Course des « obstacles », c’est la participation des femmes aux affaires publiques et politiques au Venezuela

Au Venezuela, les femmes continuent d’être confrontées à « la discrimination et l’inégalité » dans l’exercice des droits politiques, en particulier compte tenu de la possibilité de participer à la direction des affaires publiques, de la politique et d’autres espaces de prise de décision, expose le dernier rapport sur la participation politique des femmes au Venezuela du Centre pour la justice et la paix (Cepaz).

Le rapport préparé pour le Réseau électoral citoyen (REC), une alliance qui promeut les droits civils et politiques, souligne qu’en plus des rôles de genre traditionnels, des stéréotypes, des barrières institutionnelles et réglementaires, du peu d’intérêt de l’État et de la violence politique, des partis politiques  » n’ouvrent pas d’opportunités » au leadership féminin dans le contexte « autoritaire » dans lequel vit le pays.

« Ils ne considèrent pas non plus les femmes comme suffisantes ou capables d’atteindre cet objectif d’accéder au pouvoir dans le contexte autoritaire dans lequel nous nous trouvons », déclare Nicolé Hernández, chercheur pour l’organisation de défense des droits fondamentaux Cepaz.

« Tant qu’il y a plus de pouvoir, il y a moins de femmes (…) ce sont les mêmes partis politiques qui ont cherché à faire stagner les femmes à cette base pyramidale de la structure », a-t-il ajouté en présentant les conclusions les plus pertinentes de l’enquête.

Bien que les femmes constituent « la moitié » de la population, « elles ne sont pas représentées dans les principaux espaces de décision qui affectent également leur vie », rappelle le rapport.

Bien qu’elle souligne qu’actuellement dans le pays la plupart des femmes sont dans les « bases » des partis politiques, elle reconnaît également qu’il y a une « avancée » car les femmes commencent à être vues à la direction d’au moins 6 partis influents.

L’Assemblée nationale à majorité officielle élue en 2020 est composée de 93 femmes sur un total de 277 députés, ce qui se traduit par une représentation féminine de 33 %. En 2015, il était de 19,8 % ; en 2010, 15,95 % ; en 2005 de 17,36% et en 2022 de 9,2%.

Mais dans le cas des gouvernorats, il y a eu une « régression ». Seuls 9% sont représentés par des femmes alors que, dans la période précédente, les femmes occupaient 22% des postes de gouverneur.
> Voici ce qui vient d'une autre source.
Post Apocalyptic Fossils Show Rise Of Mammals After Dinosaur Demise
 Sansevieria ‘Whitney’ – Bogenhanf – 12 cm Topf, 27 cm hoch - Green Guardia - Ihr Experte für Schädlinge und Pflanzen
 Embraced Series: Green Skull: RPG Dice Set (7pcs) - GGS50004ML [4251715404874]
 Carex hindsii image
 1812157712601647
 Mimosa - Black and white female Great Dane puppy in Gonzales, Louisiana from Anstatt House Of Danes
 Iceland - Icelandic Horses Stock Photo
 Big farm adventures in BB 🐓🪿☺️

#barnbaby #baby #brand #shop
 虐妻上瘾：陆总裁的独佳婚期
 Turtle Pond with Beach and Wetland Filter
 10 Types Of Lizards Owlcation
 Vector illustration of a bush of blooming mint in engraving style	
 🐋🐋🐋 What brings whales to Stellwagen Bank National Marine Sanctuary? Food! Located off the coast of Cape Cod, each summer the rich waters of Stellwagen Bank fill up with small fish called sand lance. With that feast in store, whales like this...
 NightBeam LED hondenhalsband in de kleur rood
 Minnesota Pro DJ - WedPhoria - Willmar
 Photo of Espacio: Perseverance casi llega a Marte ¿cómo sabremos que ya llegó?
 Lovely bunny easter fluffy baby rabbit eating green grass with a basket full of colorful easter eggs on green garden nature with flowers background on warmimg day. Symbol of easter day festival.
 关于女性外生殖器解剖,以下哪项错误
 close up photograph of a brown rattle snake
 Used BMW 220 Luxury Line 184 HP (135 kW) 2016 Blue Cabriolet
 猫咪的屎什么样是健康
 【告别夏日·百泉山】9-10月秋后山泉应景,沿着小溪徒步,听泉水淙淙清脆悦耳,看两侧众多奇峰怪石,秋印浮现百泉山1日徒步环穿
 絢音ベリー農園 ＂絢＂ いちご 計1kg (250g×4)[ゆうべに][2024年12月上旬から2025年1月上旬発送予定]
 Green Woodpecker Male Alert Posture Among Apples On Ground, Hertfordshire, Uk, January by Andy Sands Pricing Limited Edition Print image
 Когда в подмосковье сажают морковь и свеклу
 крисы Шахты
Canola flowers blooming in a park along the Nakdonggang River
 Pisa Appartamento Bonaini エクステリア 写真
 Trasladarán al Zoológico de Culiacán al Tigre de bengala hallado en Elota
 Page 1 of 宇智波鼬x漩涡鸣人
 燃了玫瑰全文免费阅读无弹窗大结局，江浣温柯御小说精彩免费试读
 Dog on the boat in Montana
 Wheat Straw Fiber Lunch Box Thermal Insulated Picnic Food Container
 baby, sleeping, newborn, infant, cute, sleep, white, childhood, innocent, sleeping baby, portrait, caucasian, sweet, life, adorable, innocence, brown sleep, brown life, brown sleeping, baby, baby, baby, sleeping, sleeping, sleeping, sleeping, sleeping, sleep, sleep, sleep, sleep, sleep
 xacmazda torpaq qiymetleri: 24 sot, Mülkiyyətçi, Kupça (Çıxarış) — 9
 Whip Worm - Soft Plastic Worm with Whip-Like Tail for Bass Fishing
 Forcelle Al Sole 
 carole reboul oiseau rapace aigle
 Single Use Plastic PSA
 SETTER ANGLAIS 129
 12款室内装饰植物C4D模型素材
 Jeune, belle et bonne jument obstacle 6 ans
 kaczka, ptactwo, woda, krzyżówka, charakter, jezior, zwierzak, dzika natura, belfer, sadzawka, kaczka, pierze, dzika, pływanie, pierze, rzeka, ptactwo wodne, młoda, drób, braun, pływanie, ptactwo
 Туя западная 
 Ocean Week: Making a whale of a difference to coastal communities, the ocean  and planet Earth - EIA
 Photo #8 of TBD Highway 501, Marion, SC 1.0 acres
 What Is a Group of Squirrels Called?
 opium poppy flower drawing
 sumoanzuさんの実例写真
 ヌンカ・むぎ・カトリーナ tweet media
Seuls 2 des 23 gouvernorats sont dirigés par des femmes.

Dans les mairies, 19% du total sont occupés par des femmes. Sur les 335 communes, seules 62 sont occupées par des femmes leaders.

À cet égard, Griselda Colina, fondatrice de l’Observatoire mondial de la communication et de la démocratie (OGCD) et recteur suppléant du Conseil national électoral (CNE), souligne qu’il existe des « défis » qui impliquent le pouvoir électoral.

« Nous devons aller au-delà des quotas, les femmes sont plus qu’un quota et elles le montrent avec leurs capacités (…) la démocratie a besoin de ces voix et la voie de la construction de la paix a besoin de nous tous », a-t-elle déclaré.

Wanda Cedeño, coordinatrice nationale de l’organisation Voto Joven, souligne les « dettes » du CNE concernant la parité comme « politique » de cette institution et déplore qu’il y ait des discriminations envers les jeunes femmes.

« Les jeunes femmes en politique vivent extrêmement difficilement, elles doivent lutter avec ce contexte, avec le fait d’être une femme et d’être jeune », dit-elle, mais elle reconnaît aussi qu’il y a une plus grande « sensibilisation » et « visibilité » sur le l’importance d’une plus grande inclusion des femmes dans un processus de démocratisation.

Les femmes dans le processus de négociation

Seuls 33% des membres de la table de négociation entre le gouvernement et la Plate-forme unitaire d’opposition dans les négociations au Mexique, actuellement suspendues, sont composées de femmes, précise le rapport.

En outre, il souligne que le programme de travail est « dépourvu » d’actions pour faire face à la crise au Venezuela dans une perspective de genre et que le Conseil national d’assistance sociale « n’est pas au courant de la mise en œuvre de mesures de protection dans une perspective de genre ».

Cependant, bien qu’il y ait peu de participation des femmes, Hernández insiste pour souligner le fait qu’elles commencent à être incluses.